Walking From Iseo – September 5th –September 12th
The forecast for the week was not good – an increasing probability of rain until Wednesday, when over 40mm was expected. However, if it hadn’t rained, we wouldn’t have experienced the amazing sight of the vertical, jagged-topped mountains poking through the thick layer of cloud, completely hiding Lake Iseo below. Everyone seemed to have a preferred way of keeping dry, few of which were entirely successful, and when we stopped for lunch, steam could be seen rising from members of the group as their clothes dried out in the sun.
The weather changed mid-week in time for the “free day” in Bergamo, with the excellent historic buildings and sights of the città alta – cathedral, baptistery, campanile, fountain, sundial/analemma. A range of food was on offer in the shop windows crammed with appetizing pizzas, or the more leisurely dining at the Al Donizetti, and restaurants around the piazza.
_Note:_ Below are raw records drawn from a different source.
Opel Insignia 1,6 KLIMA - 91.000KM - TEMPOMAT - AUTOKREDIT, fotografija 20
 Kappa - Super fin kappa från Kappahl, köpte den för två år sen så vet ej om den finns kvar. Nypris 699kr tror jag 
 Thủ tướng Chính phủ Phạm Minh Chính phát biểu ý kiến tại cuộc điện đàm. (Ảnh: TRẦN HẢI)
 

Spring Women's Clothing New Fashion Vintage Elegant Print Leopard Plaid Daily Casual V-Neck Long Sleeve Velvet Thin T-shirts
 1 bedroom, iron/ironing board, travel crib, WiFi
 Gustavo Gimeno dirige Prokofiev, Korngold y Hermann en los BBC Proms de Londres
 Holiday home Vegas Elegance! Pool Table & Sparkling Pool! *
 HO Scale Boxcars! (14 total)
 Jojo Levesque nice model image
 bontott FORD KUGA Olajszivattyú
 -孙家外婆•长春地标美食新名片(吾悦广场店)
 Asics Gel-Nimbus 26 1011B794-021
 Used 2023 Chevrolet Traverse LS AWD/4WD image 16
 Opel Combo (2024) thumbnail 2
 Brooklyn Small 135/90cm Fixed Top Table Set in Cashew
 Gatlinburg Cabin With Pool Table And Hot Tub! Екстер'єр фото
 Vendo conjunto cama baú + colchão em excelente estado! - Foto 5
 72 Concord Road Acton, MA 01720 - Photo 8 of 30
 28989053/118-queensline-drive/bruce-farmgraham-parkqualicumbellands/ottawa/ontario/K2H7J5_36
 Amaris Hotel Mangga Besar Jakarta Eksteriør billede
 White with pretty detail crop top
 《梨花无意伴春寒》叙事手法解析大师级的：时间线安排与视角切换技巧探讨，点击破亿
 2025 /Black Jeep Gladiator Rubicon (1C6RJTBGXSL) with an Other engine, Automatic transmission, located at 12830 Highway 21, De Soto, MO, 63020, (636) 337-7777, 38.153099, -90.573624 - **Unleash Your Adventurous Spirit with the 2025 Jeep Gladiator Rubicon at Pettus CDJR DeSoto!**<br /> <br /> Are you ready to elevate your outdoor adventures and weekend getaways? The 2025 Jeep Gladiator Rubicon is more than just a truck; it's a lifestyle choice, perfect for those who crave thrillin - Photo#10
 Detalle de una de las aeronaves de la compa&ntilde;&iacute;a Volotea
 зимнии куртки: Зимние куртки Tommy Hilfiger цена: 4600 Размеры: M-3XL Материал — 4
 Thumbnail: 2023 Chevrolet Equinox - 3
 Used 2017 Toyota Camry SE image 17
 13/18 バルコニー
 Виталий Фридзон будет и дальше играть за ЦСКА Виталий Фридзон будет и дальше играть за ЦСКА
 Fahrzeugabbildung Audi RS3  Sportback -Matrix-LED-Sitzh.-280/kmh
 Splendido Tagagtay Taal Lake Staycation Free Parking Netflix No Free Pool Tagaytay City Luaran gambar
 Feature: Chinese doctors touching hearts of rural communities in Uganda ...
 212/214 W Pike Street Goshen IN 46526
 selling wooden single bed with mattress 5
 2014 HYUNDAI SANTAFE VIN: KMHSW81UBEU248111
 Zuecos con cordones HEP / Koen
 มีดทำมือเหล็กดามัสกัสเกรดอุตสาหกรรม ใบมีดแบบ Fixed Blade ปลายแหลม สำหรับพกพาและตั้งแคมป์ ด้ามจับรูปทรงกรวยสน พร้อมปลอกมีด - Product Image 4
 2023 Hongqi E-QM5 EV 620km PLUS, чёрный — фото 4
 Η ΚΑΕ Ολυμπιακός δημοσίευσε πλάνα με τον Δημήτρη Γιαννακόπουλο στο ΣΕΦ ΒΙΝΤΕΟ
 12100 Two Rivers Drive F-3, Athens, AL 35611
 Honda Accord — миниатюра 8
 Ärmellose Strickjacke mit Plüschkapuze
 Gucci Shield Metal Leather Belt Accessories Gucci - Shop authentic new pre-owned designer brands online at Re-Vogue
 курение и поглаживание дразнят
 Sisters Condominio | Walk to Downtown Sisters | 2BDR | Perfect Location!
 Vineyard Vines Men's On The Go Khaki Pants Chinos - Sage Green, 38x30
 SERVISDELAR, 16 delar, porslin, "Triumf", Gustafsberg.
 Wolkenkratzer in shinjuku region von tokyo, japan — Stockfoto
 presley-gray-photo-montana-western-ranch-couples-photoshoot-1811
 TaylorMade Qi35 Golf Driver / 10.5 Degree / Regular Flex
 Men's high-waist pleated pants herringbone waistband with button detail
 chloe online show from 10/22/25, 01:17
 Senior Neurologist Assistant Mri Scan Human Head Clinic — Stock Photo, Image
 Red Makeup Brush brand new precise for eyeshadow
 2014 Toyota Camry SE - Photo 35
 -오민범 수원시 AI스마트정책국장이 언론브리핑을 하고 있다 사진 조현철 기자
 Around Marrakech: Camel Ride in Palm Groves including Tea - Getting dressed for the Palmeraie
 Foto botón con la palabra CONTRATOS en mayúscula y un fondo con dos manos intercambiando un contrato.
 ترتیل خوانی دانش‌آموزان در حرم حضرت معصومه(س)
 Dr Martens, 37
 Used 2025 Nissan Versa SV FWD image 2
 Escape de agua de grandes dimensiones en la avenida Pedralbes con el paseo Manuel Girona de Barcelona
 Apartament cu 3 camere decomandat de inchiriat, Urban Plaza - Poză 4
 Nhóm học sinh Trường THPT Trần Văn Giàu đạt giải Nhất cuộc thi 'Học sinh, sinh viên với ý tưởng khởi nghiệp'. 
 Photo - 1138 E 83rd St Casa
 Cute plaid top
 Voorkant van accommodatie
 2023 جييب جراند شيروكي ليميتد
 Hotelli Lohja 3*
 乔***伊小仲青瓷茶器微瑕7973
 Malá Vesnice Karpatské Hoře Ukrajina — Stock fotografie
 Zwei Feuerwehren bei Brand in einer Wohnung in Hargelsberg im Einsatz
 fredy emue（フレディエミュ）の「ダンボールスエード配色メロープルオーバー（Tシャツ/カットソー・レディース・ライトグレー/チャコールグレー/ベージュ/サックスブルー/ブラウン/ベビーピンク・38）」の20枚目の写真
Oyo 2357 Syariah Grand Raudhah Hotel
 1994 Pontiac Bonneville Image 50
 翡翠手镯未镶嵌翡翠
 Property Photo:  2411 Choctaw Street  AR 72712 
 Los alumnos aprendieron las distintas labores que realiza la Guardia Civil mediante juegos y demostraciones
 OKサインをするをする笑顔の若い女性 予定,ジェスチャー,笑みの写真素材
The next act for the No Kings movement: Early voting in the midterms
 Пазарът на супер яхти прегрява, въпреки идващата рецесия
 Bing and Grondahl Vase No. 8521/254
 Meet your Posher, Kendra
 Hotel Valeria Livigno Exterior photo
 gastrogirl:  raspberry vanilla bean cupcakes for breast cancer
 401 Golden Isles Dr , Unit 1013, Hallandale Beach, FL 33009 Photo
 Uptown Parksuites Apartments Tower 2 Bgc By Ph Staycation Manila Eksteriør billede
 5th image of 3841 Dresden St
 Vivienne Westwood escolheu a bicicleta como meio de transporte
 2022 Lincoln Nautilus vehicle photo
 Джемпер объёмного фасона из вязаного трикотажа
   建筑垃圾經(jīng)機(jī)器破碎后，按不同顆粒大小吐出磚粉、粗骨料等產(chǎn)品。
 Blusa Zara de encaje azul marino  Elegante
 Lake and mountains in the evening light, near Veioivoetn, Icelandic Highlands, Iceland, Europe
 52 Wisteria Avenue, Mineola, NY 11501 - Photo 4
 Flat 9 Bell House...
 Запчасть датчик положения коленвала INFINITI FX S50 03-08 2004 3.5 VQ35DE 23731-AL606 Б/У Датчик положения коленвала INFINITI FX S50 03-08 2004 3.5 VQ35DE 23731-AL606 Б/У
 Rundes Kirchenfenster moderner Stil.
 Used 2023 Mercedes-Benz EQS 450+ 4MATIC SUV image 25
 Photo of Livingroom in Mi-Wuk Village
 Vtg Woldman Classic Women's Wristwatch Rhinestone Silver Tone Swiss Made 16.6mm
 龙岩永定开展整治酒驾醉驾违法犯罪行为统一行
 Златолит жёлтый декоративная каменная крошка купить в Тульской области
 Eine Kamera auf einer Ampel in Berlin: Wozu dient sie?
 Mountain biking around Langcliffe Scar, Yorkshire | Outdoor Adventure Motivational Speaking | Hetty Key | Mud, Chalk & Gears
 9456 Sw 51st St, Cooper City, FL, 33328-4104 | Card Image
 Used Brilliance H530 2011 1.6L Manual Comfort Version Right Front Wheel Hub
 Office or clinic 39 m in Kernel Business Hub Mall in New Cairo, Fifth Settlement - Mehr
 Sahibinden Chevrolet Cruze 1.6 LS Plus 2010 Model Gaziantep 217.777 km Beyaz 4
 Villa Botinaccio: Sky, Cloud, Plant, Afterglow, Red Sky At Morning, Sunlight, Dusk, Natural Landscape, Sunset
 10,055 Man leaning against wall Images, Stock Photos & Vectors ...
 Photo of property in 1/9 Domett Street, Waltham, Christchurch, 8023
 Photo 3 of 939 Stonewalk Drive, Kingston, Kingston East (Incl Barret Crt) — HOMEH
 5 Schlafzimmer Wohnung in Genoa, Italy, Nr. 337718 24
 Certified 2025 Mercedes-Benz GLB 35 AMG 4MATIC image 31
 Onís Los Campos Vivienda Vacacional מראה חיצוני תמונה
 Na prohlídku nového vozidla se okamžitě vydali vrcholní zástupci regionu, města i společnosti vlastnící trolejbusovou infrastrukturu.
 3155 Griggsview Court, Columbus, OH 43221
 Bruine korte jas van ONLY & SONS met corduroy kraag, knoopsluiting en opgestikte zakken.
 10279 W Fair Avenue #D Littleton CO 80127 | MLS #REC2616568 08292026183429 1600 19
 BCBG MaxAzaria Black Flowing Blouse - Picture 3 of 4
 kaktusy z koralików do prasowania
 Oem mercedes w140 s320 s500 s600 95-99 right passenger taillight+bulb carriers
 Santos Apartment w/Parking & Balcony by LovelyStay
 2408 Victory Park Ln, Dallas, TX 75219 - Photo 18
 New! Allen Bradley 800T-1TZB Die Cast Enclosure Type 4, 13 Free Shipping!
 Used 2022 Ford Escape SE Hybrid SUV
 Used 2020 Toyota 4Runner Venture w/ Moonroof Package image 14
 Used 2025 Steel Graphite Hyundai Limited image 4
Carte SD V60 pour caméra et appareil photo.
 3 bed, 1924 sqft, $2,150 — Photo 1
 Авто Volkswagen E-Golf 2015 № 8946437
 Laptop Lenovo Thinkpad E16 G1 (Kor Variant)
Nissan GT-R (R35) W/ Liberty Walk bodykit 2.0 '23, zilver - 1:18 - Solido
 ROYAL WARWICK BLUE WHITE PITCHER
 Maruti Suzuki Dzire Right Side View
Back to the walking from Sale Marasino, where the brochure promised “elements of vertigo” on the Corna Trentapassi walk, but strangely not for the ascent of the Punta Almana, 1395m, which was billed as the (demanding) highlight of the week.
Climbing the Almana, we met a walker making the descent, shaking his head and making gestures indicating the steepness each side of the ridge walk. However, at the top was a family with very young children who seemed to have far fewer concerns.
Some of the group had chosen the alternative walk – an advantage of the 2 leaders/two grades arrangement – but those who decided to make the ascent, even opted for the additional 1½ hour walk back to the hotel from the café, rather than arranging a minibus.
Throughout the week, villages around Lake Iseo were preparing for their local festivals, the one at Sale Marasino featuring a pumpkin competition, previously won by one weighing 440kg. In addition, there was a variety of small pumpkins to buy, stalls selling local cured meats, liquorice, pasta, and cheeses, and restaurants & trattoria offering pumpkin-based dishes.
The late afternoon flight on the last day permitted a leisurely walk around Sale Marasino, which had been closed to traffic for the day, or to take the ferry to Carzano for lunch.